There is fear and courage in the wilderness. When Jesus is in the wild lands being challenged by the devil we do not know whether or not he was afraid, but we can guess that we would be. That’s one of the big pieces of being in the wilderness in the first place: being afraid. It is fearful to have your beliefs and convictions challenged. Even more than that, it is actually terrifying to come up against the work of evil in the world. We do know that Jesus responds to the Devil’s temptations courageously. He does not run from the challenge, nor does he stoop to the deceptive level of his challenger. Jesus responds by relying upon what he knows to be true and facing the difficult questions head on.

Fear is something we dread, deny, allow to consume us, or push away. But fear gives birth to courage. They are opposite sides of the same coin and if we have one, then we have access to the other. I think that the difference between fear and courage is faith. It isn’t that if we have enough faith we will never be afraid, it is that when we are afraid, our faith can use our fear to make courage.

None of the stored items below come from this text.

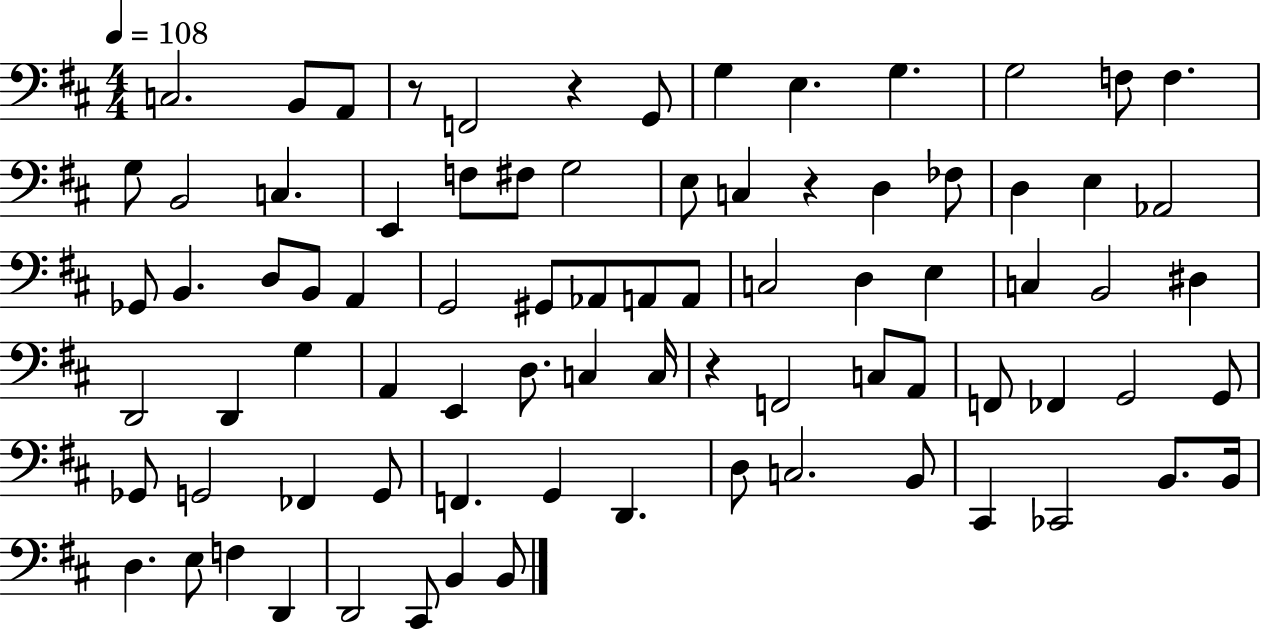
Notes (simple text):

C3/h. B2/e A2/e R/e F2/h R/q G2/e G3/q E3/q. G3/q. G3/h F3/e F3/q. G3/e B2/h C3/q. E2/q F3/e F#3/e G3/h E3/e C3/q R/q D3/q FES3/e D3/q E3/q Ab2/h Gb2/e B2/q. D3/e B2/e A2/q G2/h G#2/e Ab2/e A2/e A2/e C3/h D3/q E3/q C3/q B2/h D#3/q D2/h D2/q G3/q A2/q E2/q D3/e. C3/q C3/s R/q F2/h C3/e A2/e F2/e FES2/q G2/h G2/e Gb2/e G2/h FES2/q G2/e F2/q. G2/q D2/q. D3/e C3/h. B2/e C#2/q CES2/h B2/e. B2/s D3/q. E3/e F3/q D2/q D2/h C#2/e B2/q B2/e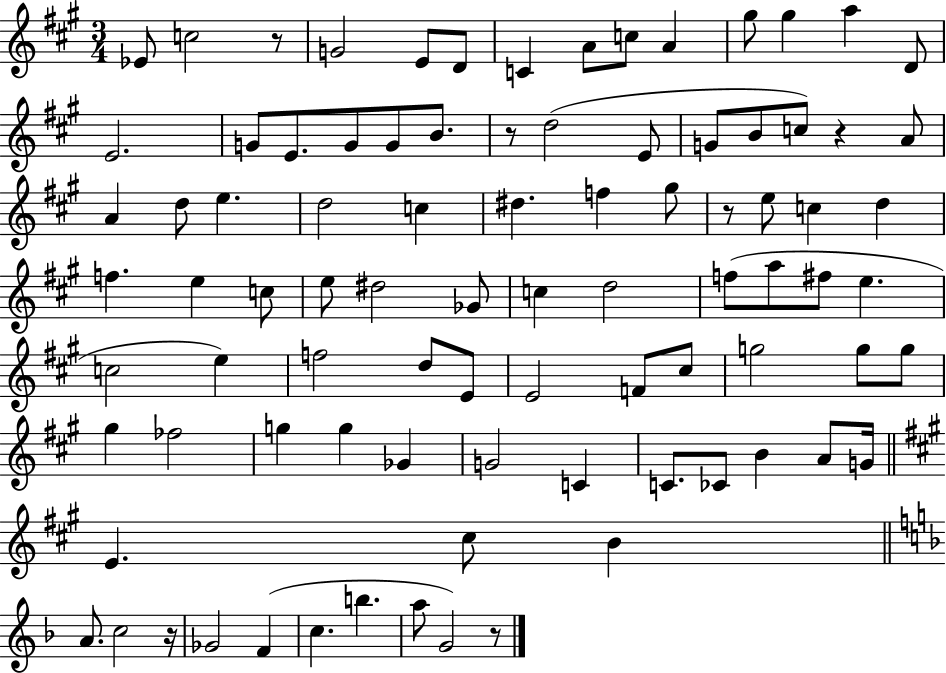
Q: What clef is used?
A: treble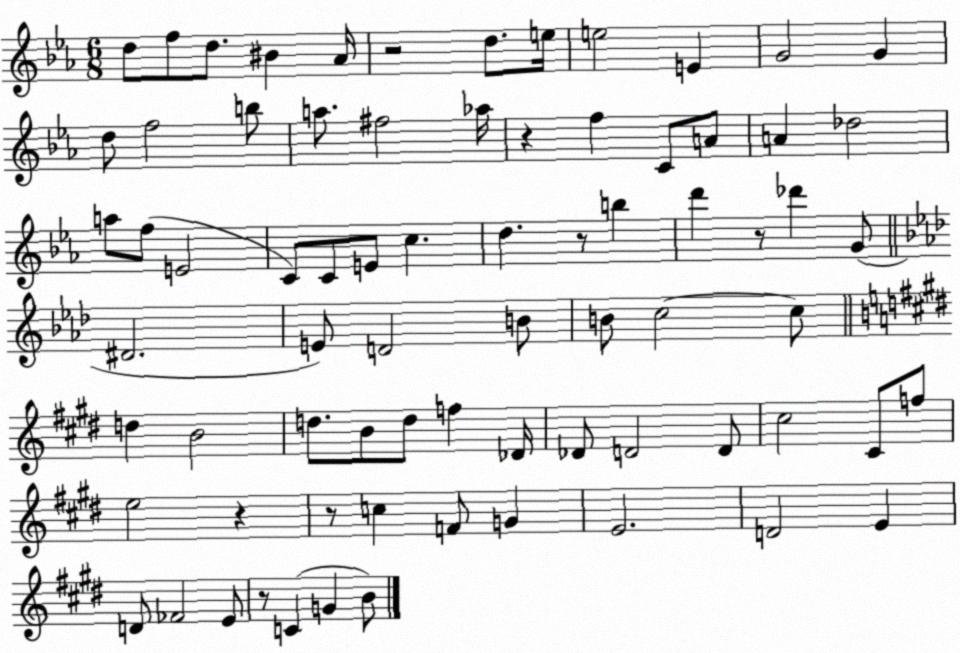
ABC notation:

X:1
T:Untitled
M:6/8
L:1/4
K:Eb
d/2 f/2 d/2 ^B _A/4 z2 d/2 e/4 e2 E G2 G d/2 f2 b/2 a/2 ^f2 _a/4 z f C/2 A/2 A _d2 a/2 f/2 E2 C/2 C/2 E/2 c d z/2 b d' z/2 _d' G/2 ^D2 E/2 D2 B/2 B/2 c2 c/2 d B2 d/2 B/2 d/2 f _D/4 _D/2 D2 D/2 ^c2 ^C/2 f/2 e2 z z/2 c F/2 G E2 D2 E D/2 _F2 E/2 z/2 C G B/2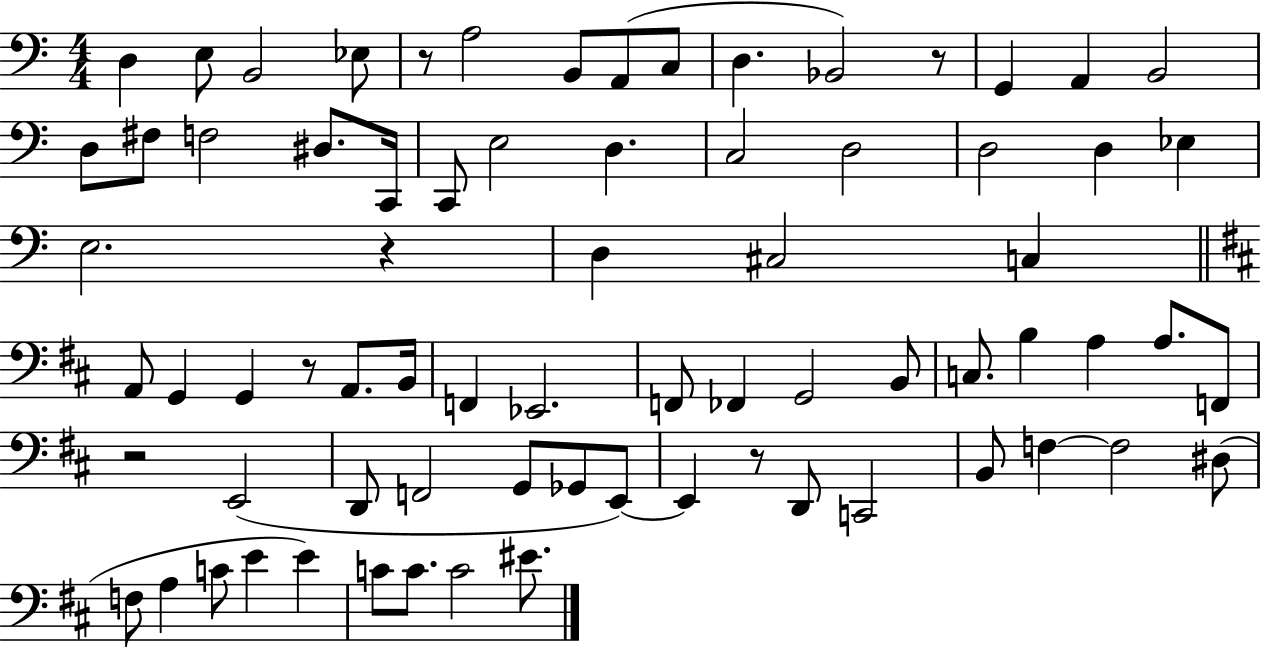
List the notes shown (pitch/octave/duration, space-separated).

D3/q E3/e B2/h Eb3/e R/e A3/h B2/e A2/e C3/e D3/q. Bb2/h R/e G2/q A2/q B2/h D3/e F#3/e F3/h D#3/e. C2/s C2/e E3/h D3/q. C3/h D3/h D3/h D3/q Eb3/q E3/h. R/q D3/q C#3/h C3/q A2/e G2/q G2/q R/e A2/e. B2/s F2/q Eb2/h. F2/e FES2/q G2/h B2/e C3/e. B3/q A3/q A3/e. F2/e R/h E2/h D2/e F2/h G2/e Gb2/e E2/e E2/q R/e D2/e C2/h B2/e F3/q F3/h D#3/e F3/e A3/q C4/e E4/q E4/q C4/e C4/e. C4/h EIS4/e.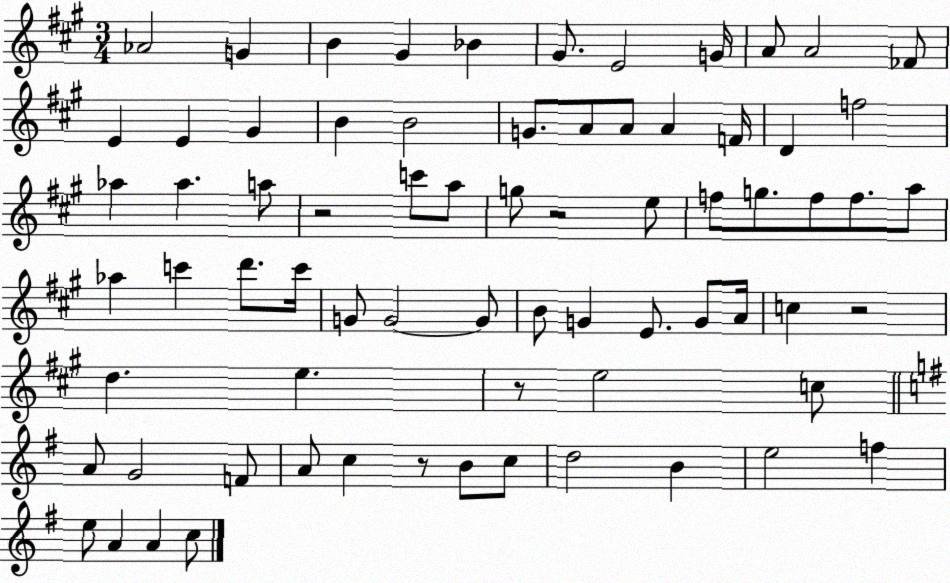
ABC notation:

X:1
T:Untitled
M:3/4
L:1/4
K:A
_A2 G B ^G _B ^G/2 E2 G/4 A/2 A2 _F/2 E E ^G B B2 G/2 A/2 A/2 A F/4 D f2 _a _a a/2 z2 c'/2 a/2 g/2 z2 e/2 f/2 g/2 f/2 f/2 a/2 _a c' d'/2 c'/4 G/2 G2 G/2 B/2 G E/2 G/2 A/4 c z2 d e z/2 e2 c/2 A/2 G2 F/2 A/2 c z/2 B/2 c/2 d2 B e2 f e/2 A A c/2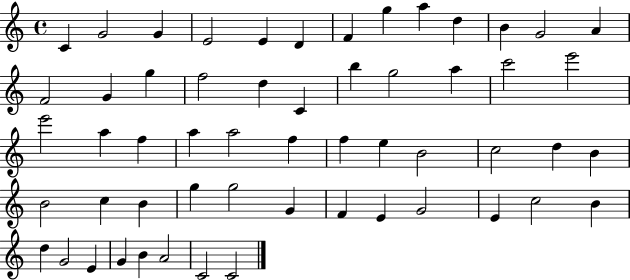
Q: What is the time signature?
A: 4/4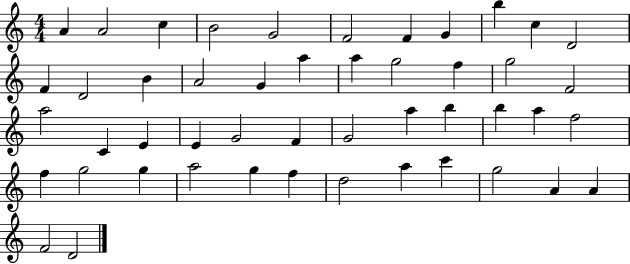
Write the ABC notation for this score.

X:1
T:Untitled
M:4/4
L:1/4
K:C
A A2 c B2 G2 F2 F G b c D2 F D2 B A2 G a a g2 f g2 F2 a2 C E E G2 F G2 a b b a f2 f g2 g a2 g f d2 a c' g2 A A F2 D2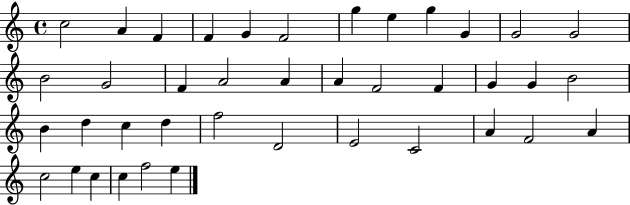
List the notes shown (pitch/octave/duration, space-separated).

C5/h A4/q F4/q F4/q G4/q F4/h G5/q E5/q G5/q G4/q G4/h G4/h B4/h G4/h F4/q A4/h A4/q A4/q F4/h F4/q G4/q G4/q B4/h B4/q D5/q C5/q D5/q F5/h D4/h E4/h C4/h A4/q F4/h A4/q C5/h E5/q C5/q C5/q F5/h E5/q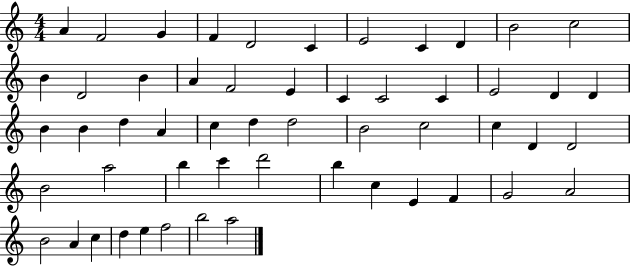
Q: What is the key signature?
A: C major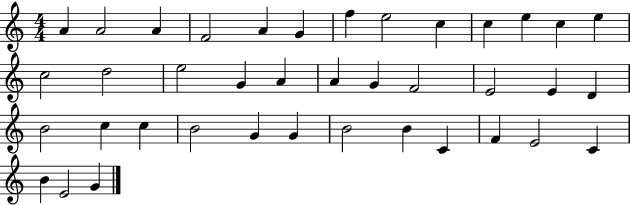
{
  \clef treble
  \numericTimeSignature
  \time 4/4
  \key c \major
  a'4 a'2 a'4 | f'2 a'4 g'4 | f''4 e''2 c''4 | c''4 e''4 c''4 e''4 | \break c''2 d''2 | e''2 g'4 a'4 | a'4 g'4 f'2 | e'2 e'4 d'4 | \break b'2 c''4 c''4 | b'2 g'4 g'4 | b'2 b'4 c'4 | f'4 e'2 c'4 | \break b'4 e'2 g'4 | \bar "|."
}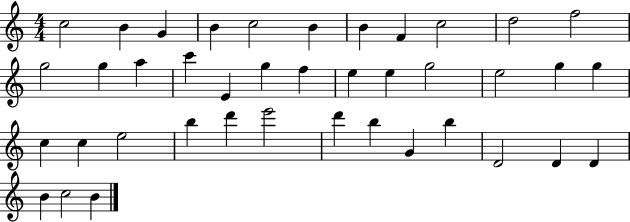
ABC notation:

X:1
T:Untitled
M:4/4
L:1/4
K:C
c2 B G B c2 B B F c2 d2 f2 g2 g a c' E g f e e g2 e2 g g c c e2 b d' e'2 d' b G b D2 D D B c2 B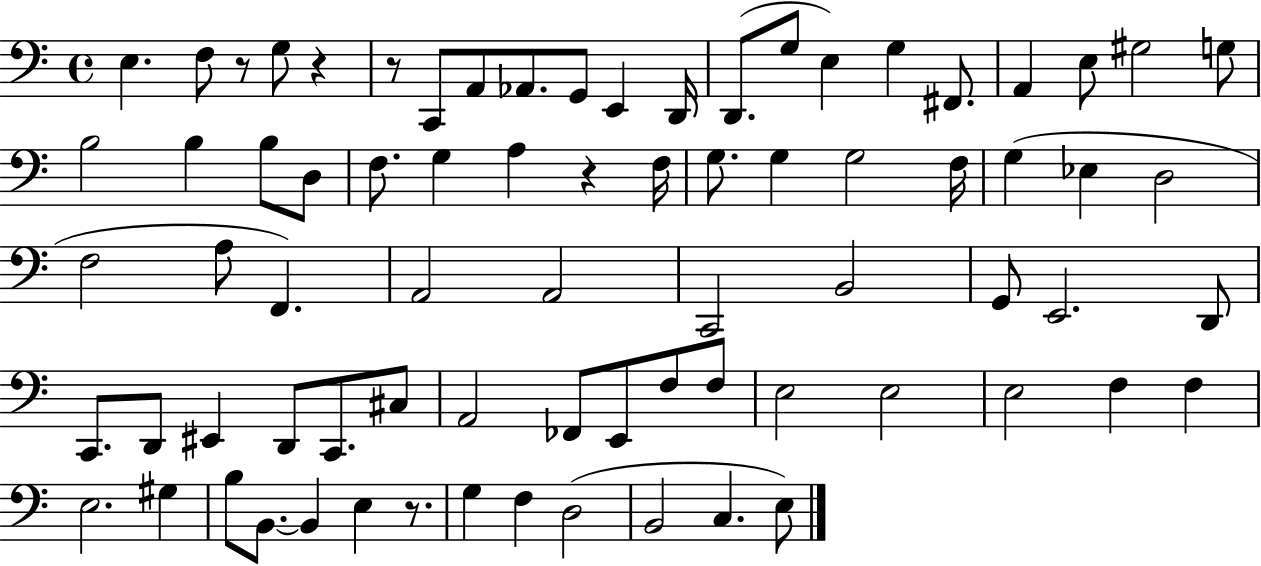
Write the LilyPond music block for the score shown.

{
  \clef bass
  \time 4/4
  \defaultTimeSignature
  \key c \major
  \repeat volta 2 { e4. f8 r8 g8 r4 | r8 c,8 a,8 aes,8. g,8 e,4 d,16 | d,8.( g8 e4) g4 fis,8. | a,4 e8 gis2 g8 | \break b2 b4 b8 d8 | f8. g4 a4 r4 f16 | g8. g4 g2 f16 | g4( ees4 d2 | \break f2 a8 f,4.) | a,2 a,2 | c,2 b,2 | g,8 e,2. d,8 | \break c,8. d,8 eis,4 d,8 c,8. cis8 | a,2 fes,8 e,8 f8 f8 | e2 e2 | e2 f4 f4 | \break e2. gis4 | b8 b,8.~~ b,4 e4 r8. | g4 f4 d2( | b,2 c4. e8) | \break } \bar "|."
}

And in the wilderness there is God’s call for us. The ways in which the devil tempts Jesus are, in a sense, the outline of a large portion of his earthly ministry. A significant piece of Jesus’ call was to resist these things and to obey God. For Moses, the whole outline of his life up to and including the exodus of the Israelites through the Red Sea was laid out for him by God there at the burning bush.

Sometimes it seems like those wilderness places are where we can really understand God’s purpose for our lives the very best. This can often be the case for us in a literal wilderness, too. Many of us may find that we can be still and listen to God when we are in the natural spaces, away from all the common everyday distractions. Maybe it’s because whether we are in the real or symbolic wild lands all those things that really do not matter have fallen away and the most valuable things rise up to our hearts and minds. Maybe it is because we are on holy ground or because those burning bushes have our full attention. God’s call shows up lots of places, not only in the wild lands, but sometimes being out there has a way of sharpening our senses.

And there is God in the wilderness. Of course, this seems like a given, doesn’t it? And that’s true, it is. After all, God is everywhere. But it often doesn’t seem so when you’re in the middle of a time of your life where it feels like you’ve been wandering around half lost and a long way from home for just about forever. Those can be the times when God seems a long, long way away, back home someplace where we left him on a shelf, in a book, in a building, on an altar.

God was never far from Moses, though Moses might have felt far from God, and God goes out of the way to make sure Moses doesn’t miss him in that burning bush. It was God the Holy Spirit who led or drove Jesus out into the wilderness in the first place and one of the gospel accounts says that angels were with him. No matter how inhospitable, alien or wild a landscape is, God is present. No matter how far from home, from the familiar, we find ourselves, God is never lost.

Maybe the wild lands exist so that we are reminded that God is not tame either. In the wilderness, both the literal and symbolic, we recognize our own lack of control over every detail, our smallness in comparison to the vastness of all things, our need for God. We have the chance to come to terms with the reality that we are not God, and we can also recognize our God given gifts of courage and faith. Above all else, the wilderness reminds us that there is no place God cannot and does not go with us.

Welcome to the jungle, the outback, the Antarctic, the wilderness of change, or any other kind of wild lands. And do not worry. Instead, come into the peace and grace of the wild things, for God is already here.